Magherafelt based firm Henry Brothers has reported a 30 per cent drop in turnover following the company’s strategic deicision not to tender for “cut-price” work.
Turnover at the firm fell from £45.8m in 2014 to £33m in his latest accounts, but pre-tax profits showed only a slight fall from £1.2m to £978,744.
In a report filed with its accounts, directors at Henry Brothers said it sought out only high quality work and that it would not buckle to pressure to submit tenders at a low - and sometimes loss making - cost like some of its competitors had been forced to do to stay in business.
“The directors have continued with the strategic decision not to pursue cut-price bids, despite the actions of many of the company’s competitors, who have continued to bid at unsustainable levels, resulting in negative margins,” the report said.

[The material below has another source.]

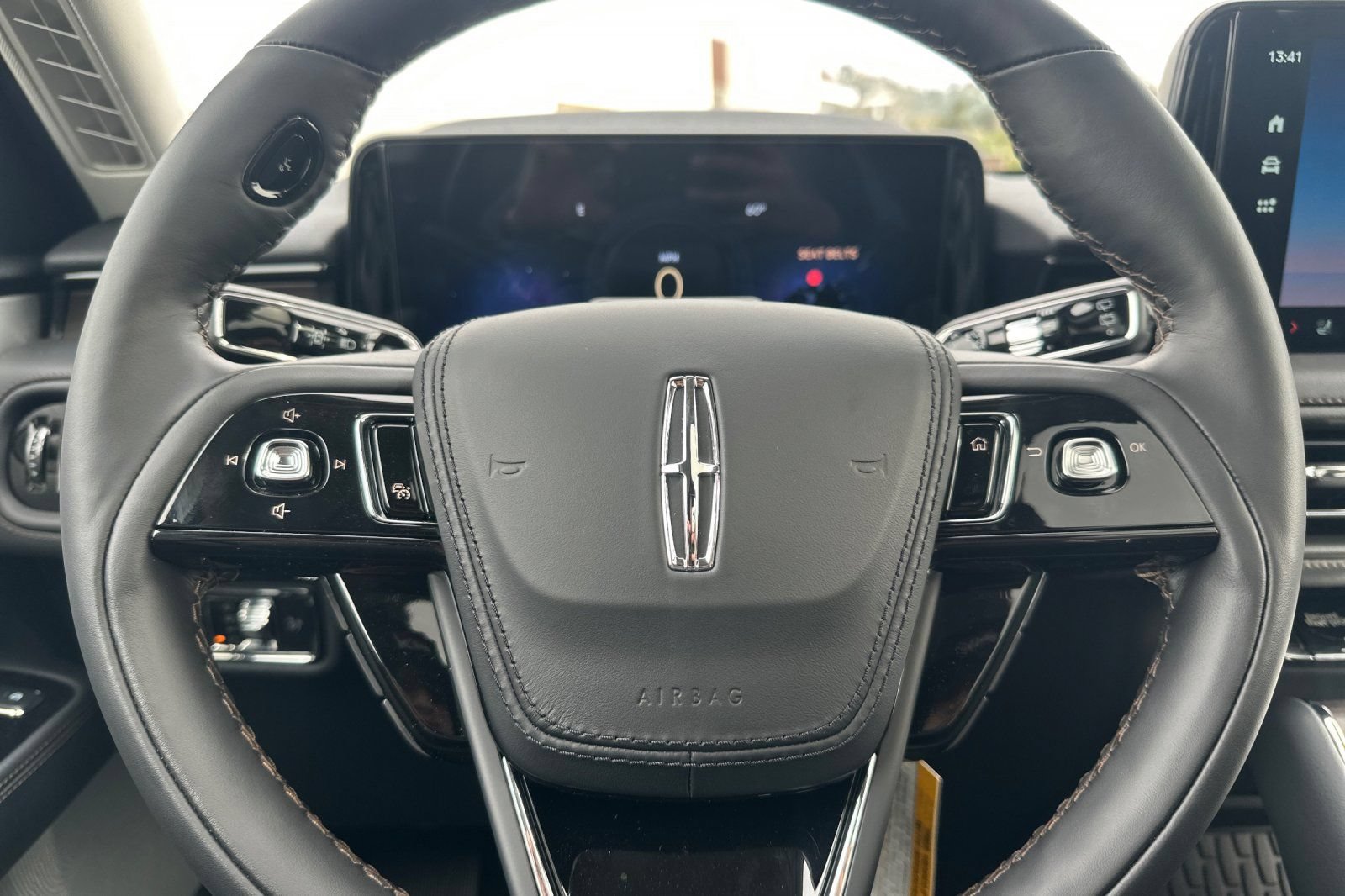 New 2026 Lincoln Aviator Reserve w/ Luxury Package RWD image 22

Henry Brother has worked across the commercial, defence, healthcare, education and industrial sectors.
It has, in the past, completed work on HMP Maghaberry, Omagh PSNI station, the listed Union Road Presbyterian Church in Magherafelt, Antrim Castle Gardens, Holywood Baptist Church and Lanyon Place in Belfast.
Deals across the water include a £12m contract to build a STEM lab at Loughborough University, West Acton Primary School in Ealing, London and a firearms training centre at Scotland’s Royal Navy headquarters - also the base of the government’s Trident missiles.
Staff members at the construction firm has also fallen from 173 to 158.